• Problem statement: Starting with the line that contains "7贷合伙人下款容易吗2025年推荐，梳理5个新号易贷速审秒下款口子", copy every line through the end of the listing, exactly and only those. No pictures should appear in the copy.

• Records for this exercise:
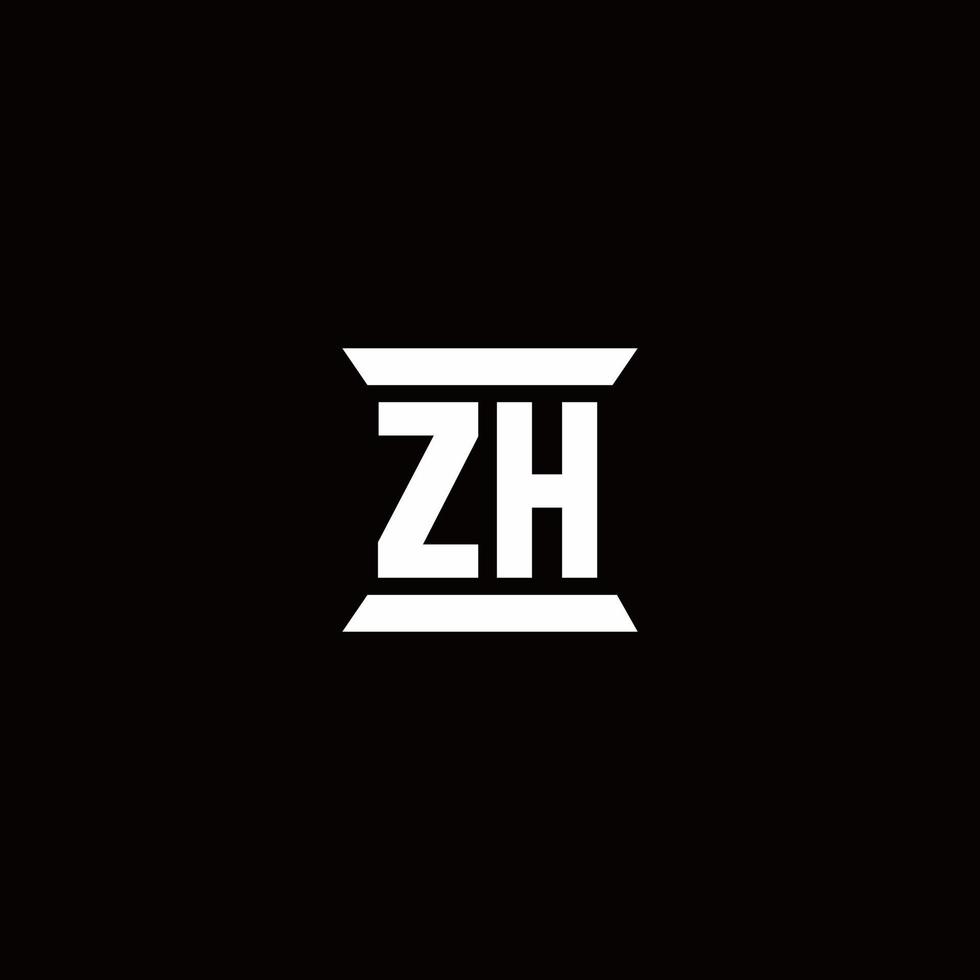 Monograma do logotipo zh com modelo de design em forma de pilar vetor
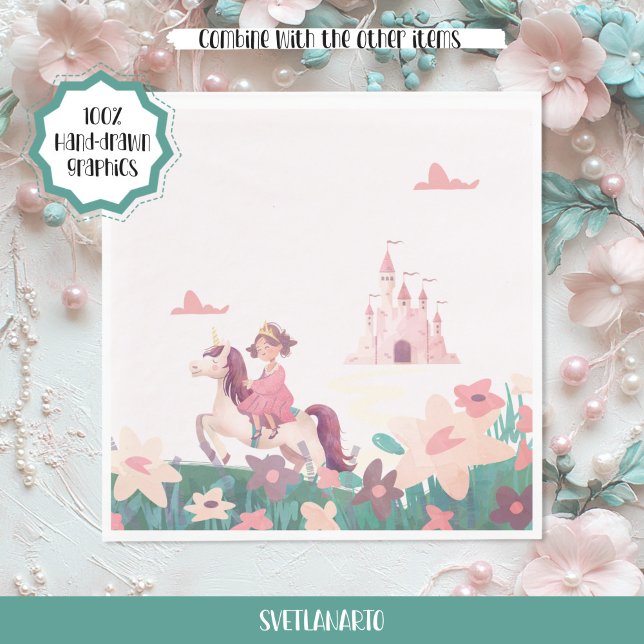Serviettes en papier Princesse chevauchant une lic (Frontal view)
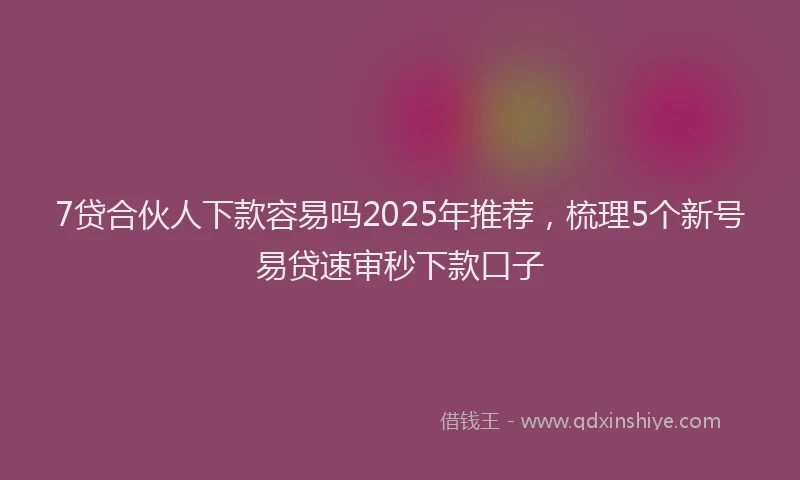 7贷合伙人下款容易吗2025年推荐，梳理5个新号易贷速审秒下款口子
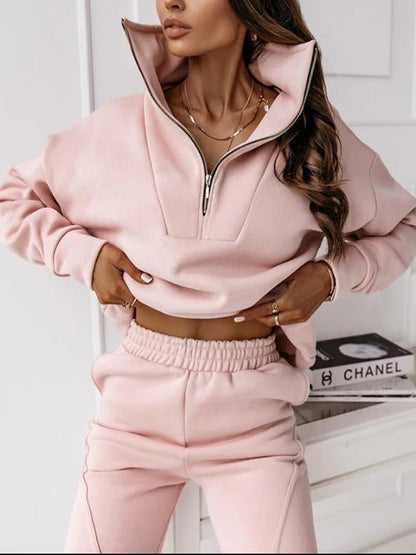 Hoodie Stand-up Collar Zipper Jacket Solid Color Long Pants Suit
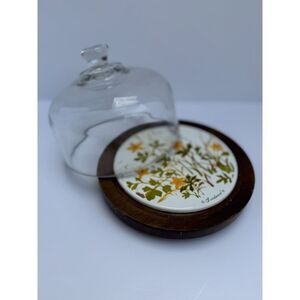 Vintage Goodwood Cheese Dome 70s Retro Floral Ceramic Plate Wood Base Made Japan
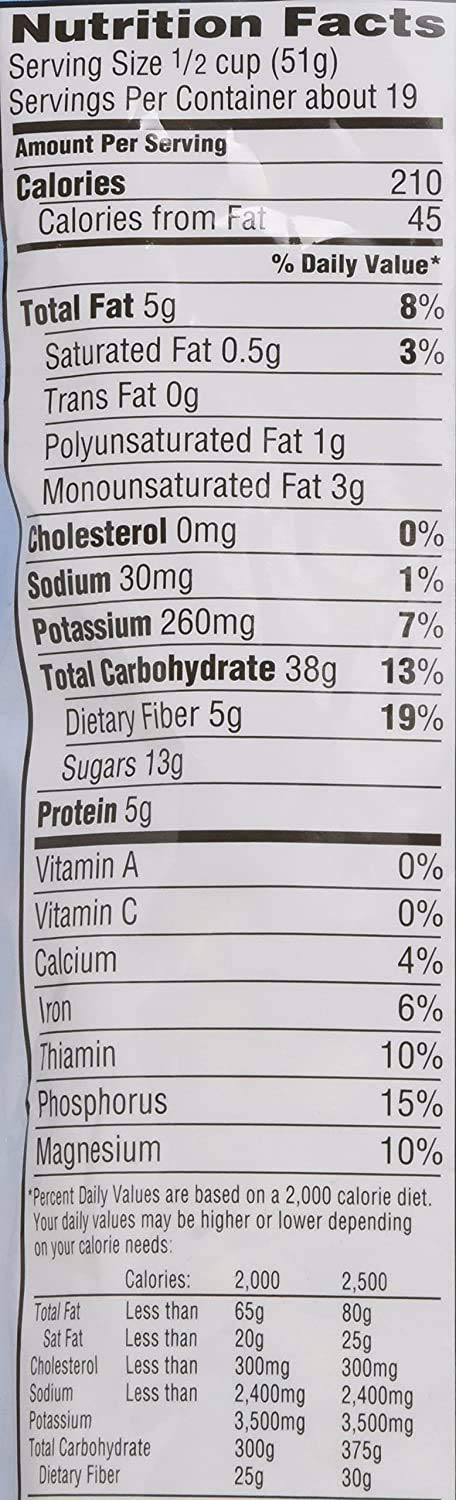 Quaker Natural Granola Oats, Honey, Raisins And Almonds - Two 34.5Oz Bags, Set Of 2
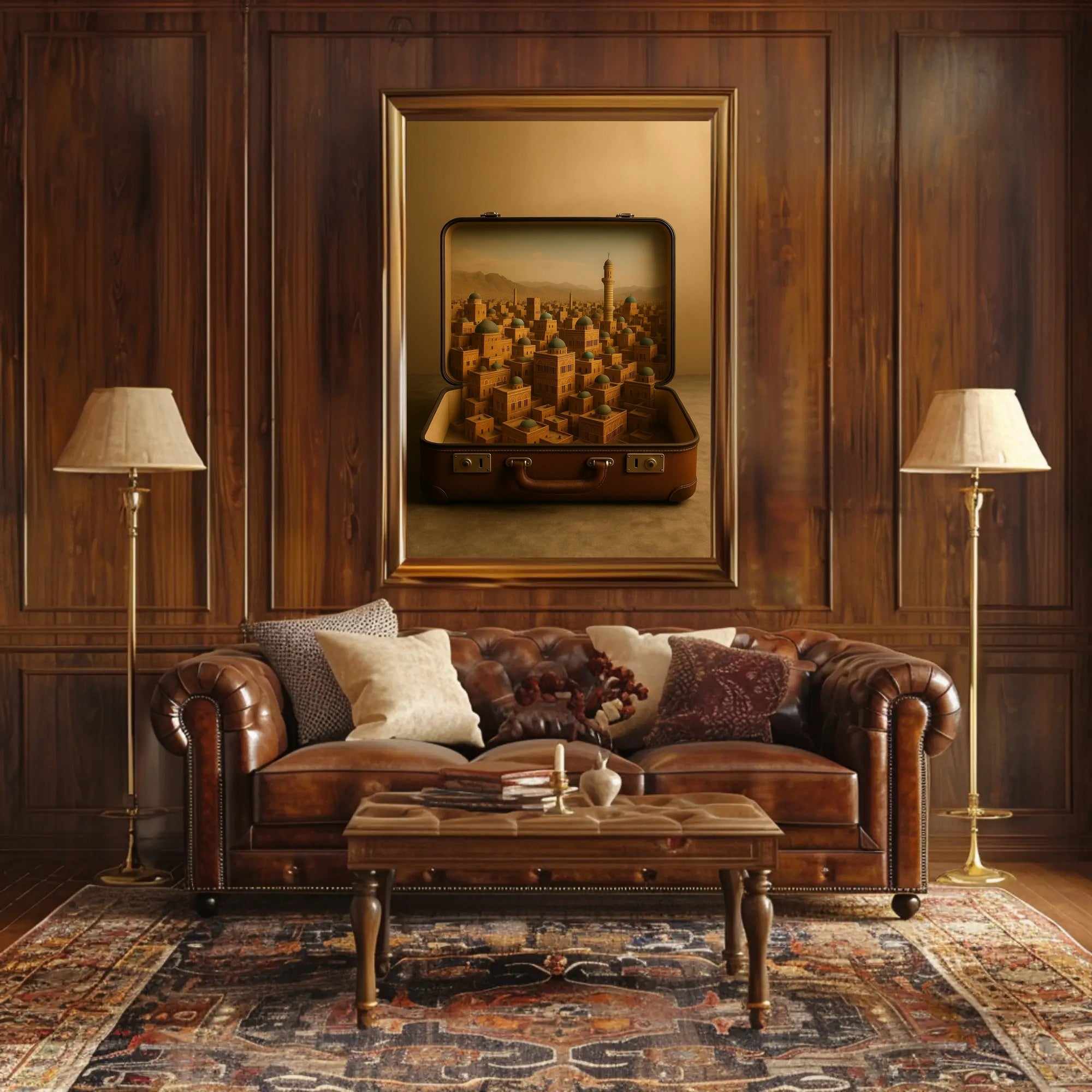 Miniature Cityscape in Suitcase: Surreal Urban Cityscape Poster PosterGoat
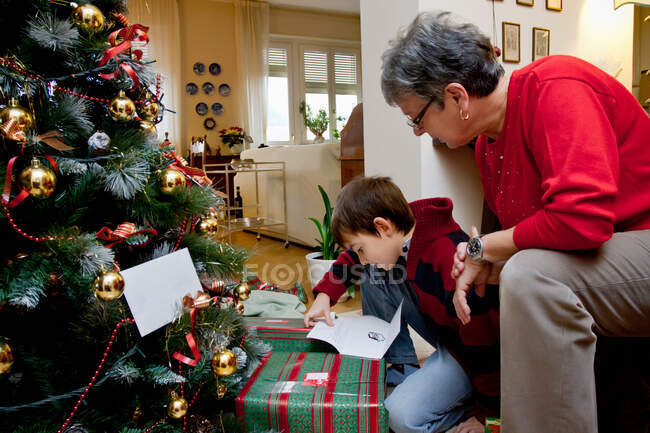 Mujer y nieto con regalos de Navidad - foto de stock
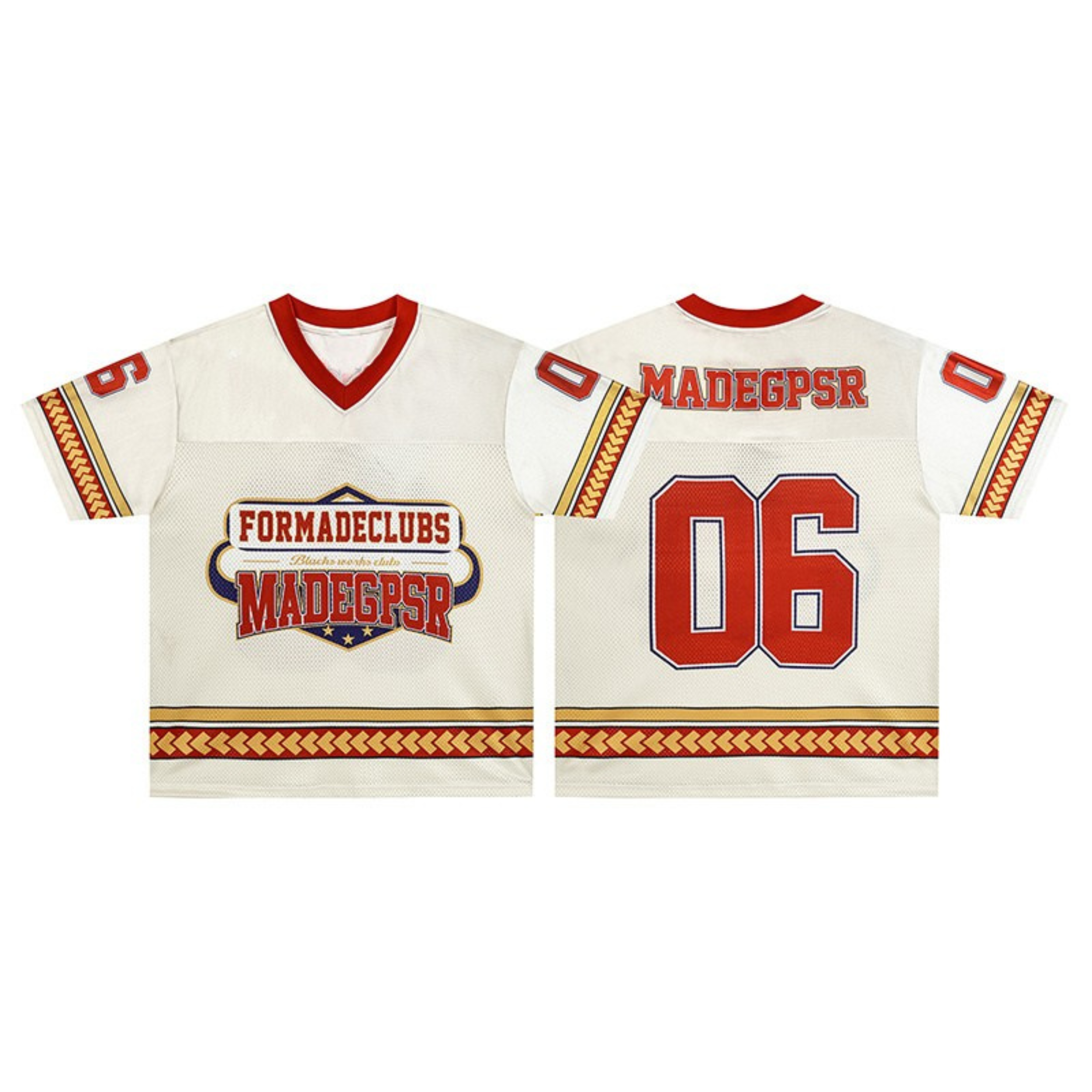Front and back view of cream mesh football jersey with crest graphic, red trim, chevron stripe detailing, and number 06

• Answer space:
 7贷合伙人下款容易吗2025年推荐，梳理5个新号易贷速审秒下款口子
 Hoodie Stand-up Collar Zipper Jacket Solid Color Long Pants Suit
 Vintage Goodwood Cheese Dome 70s Retro Floral Ceramic Plate Wood Base Made Japan
 Quaker Natural Granola Oats, Honey, Raisins And Almonds - Two 34.5Oz Bags, Set Of 2
 Miniature Cityscape in Suitcase: Surreal Urban Cityscape Poster PosterGoat
 Mujer y nieto con regalos de Navidad - foto de stock
Front and back view of cream mesh football jersey with crest graphic, red trim, chevron stripe detailing, and number 06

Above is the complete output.